In a real system the sensors would write to a live operational/time-series database, and a pipeline would move that data into a separate warehouse for analytics. Here a single Postgres plays the warehouse role for simplicity — see docs/03-data-platforms-explained.md.
- Postgres 16 — the warehouse the sensors write to and Metabase reads from.
- Metabase — open-source BI; SQL questions assembled into a dashboard.
- Python sensor simulator — AI4I-style telemetry (temperatures, speed, torque, tool wear) plus five failure modes and OEE-ready production fields.
- Docker Compose — brings the whole thing up with one command.
docker compose up --buildEach machine backfills ~2000 historical cycles instantly, then streams live, so dashboards have data within seconds. Check the warehouse directly:
docker compose exec postgres psql -U sensors -d plant \
-c "SELECT machine_id, count(*) FROM sensor_readings GROUP BY 1;"Run it a few times — the counts climb (here 2.6k → 3.5k → 93k across runs), which proves the sensor stream is genuinely live, not a one-off load:
Then connect Metabase and build the dashboard by following
docs/04-setup-runbook.md. In short: open
http://localhost:3000, add the Postgres database (host postgres, db plant,
user sensors, password sensors_pw), create one SQL question per file in
sql/kpi/, and arrange them on a dashboard.
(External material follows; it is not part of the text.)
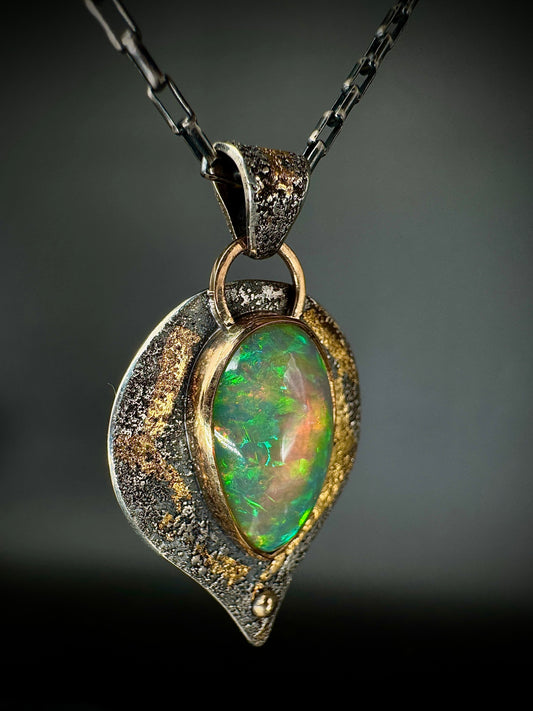 Dragons Eye opal pendant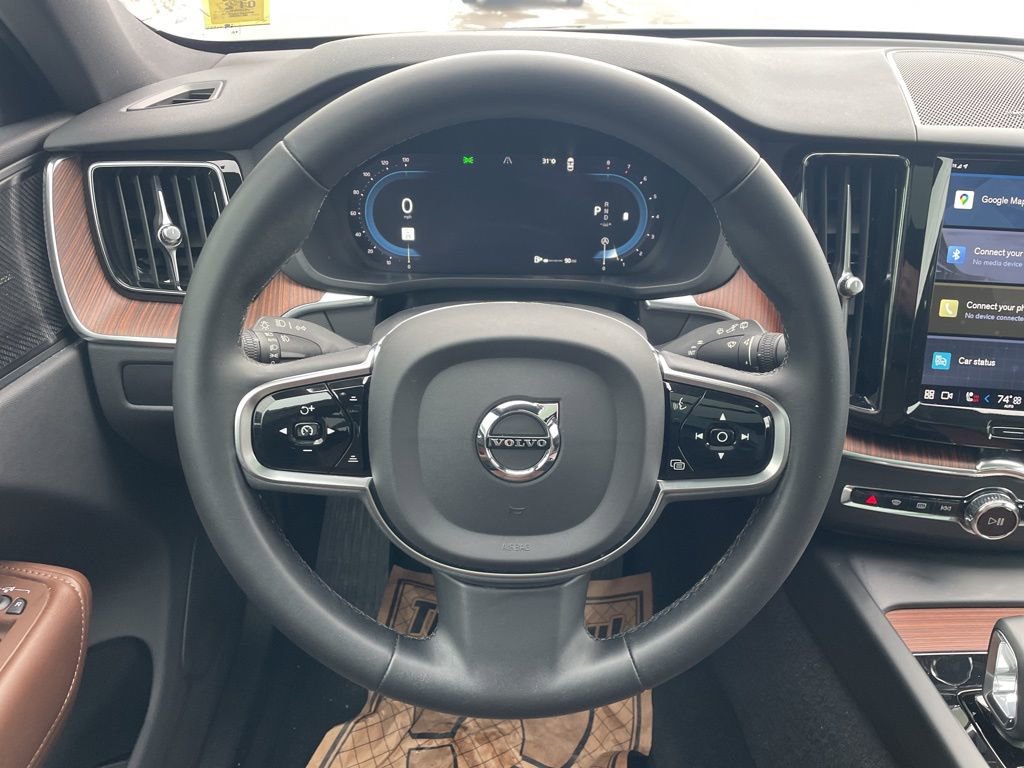 Certified 2023 Volvo XC60 B5 Plus w/ Climate Package image 25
"Live" dashboards: the sensor stream is genuinely continuous, but a Metabase chart runs its SQL once on load. Turn on the dashboard's auto-refresh (clock icon → 1 minute) for a continuously-updating view. It's near-real-time (1-minute floor), which is what "real-time" means for an operations dashboard in practice.
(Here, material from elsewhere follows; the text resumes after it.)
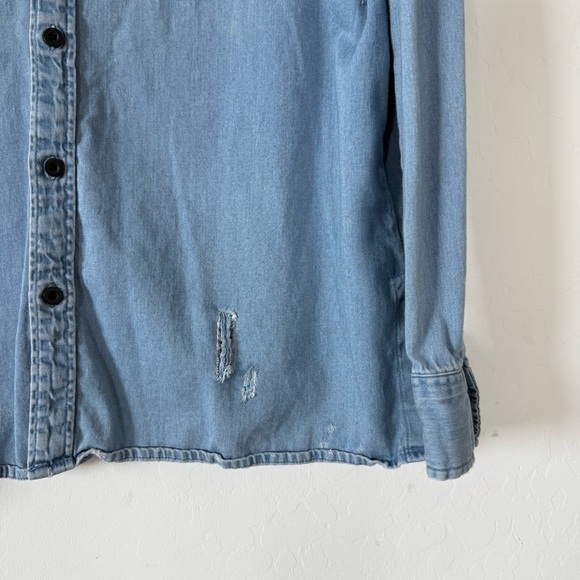 Pac Sun Boho Distressed Denim Chambray  Long Sleeve Button Down Shirt Large - Picture 3 of 12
One file per question in sql/kpi/:
| Query | Question it answers | Chart |
|---|---|---|
| OEE by Machine | How effective is each machine overall? | bar |
| Failure Breakdown by Type | Which failure modes dominate, per machine? | bar |
| Downtime % by Hour | When and how much are machines stopped? | line |
| Tool Wear Trend | How does tool wear evolve between changes? | line |
| Data Quality Checks | Is the data internally consistent? (all 0 = healthy) | table |
.
├── README.md
├── docker-compose.yml # Postgres + Metabase + 3 machines
├── sensor/
│ ├── sensor.py # the simulator (ENTRYPOINT target)
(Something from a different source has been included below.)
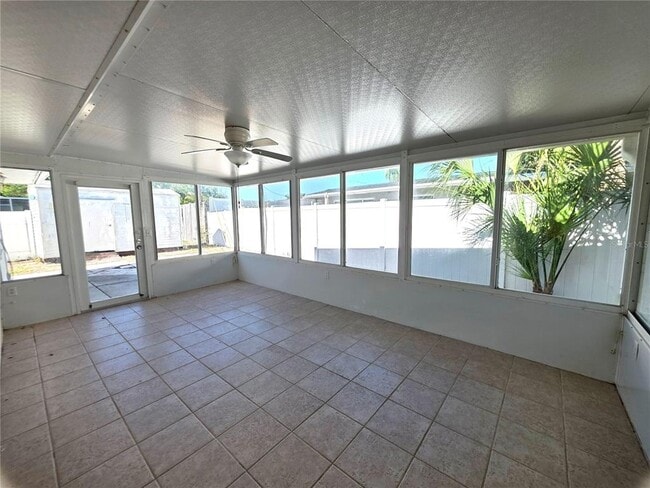 Building Photo - 1770 Elm Dr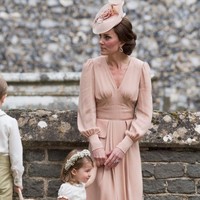 Kate Middleton tampil anggun sekaligus chic dengan gaun pastel berdetail peplum yang dilengkapi topi. Foto: Dok. Getty Images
│ ├── Dockerfile # single-stage (prebuilt psycopg2 wheel)
│ ├── Dockerfile.multistage # learning variant: builder/runtime split
│ └── requirements.txt
├── sql/kpi/ # one SQL file per Metabase question
└── docs/
├── 01-what-is-a-data-analyst.md # the role, KPIs, industry reports
├── 02-data-analyst-playbook.md # the analyst craft, explained
├── 03-data-platforms-explained.md # DB vs warehouse vs lake
├── 04-setup-runbook.md # illustrated step-by-step build
└── *.png # screenshots
- Data is synthetic by design (see the "why" above). The simulator is modelled on the UCI AI4I 2020 Predictive Maintenance dataset, so the columns and failure modes mirror a real machine log. Swap in the real CSV to validate distributions.
- Tweak a machine by editing its
command:args in compose, e.g.--interval 0.2(rows/sec),--down-prob 0.08,--backfill 20000.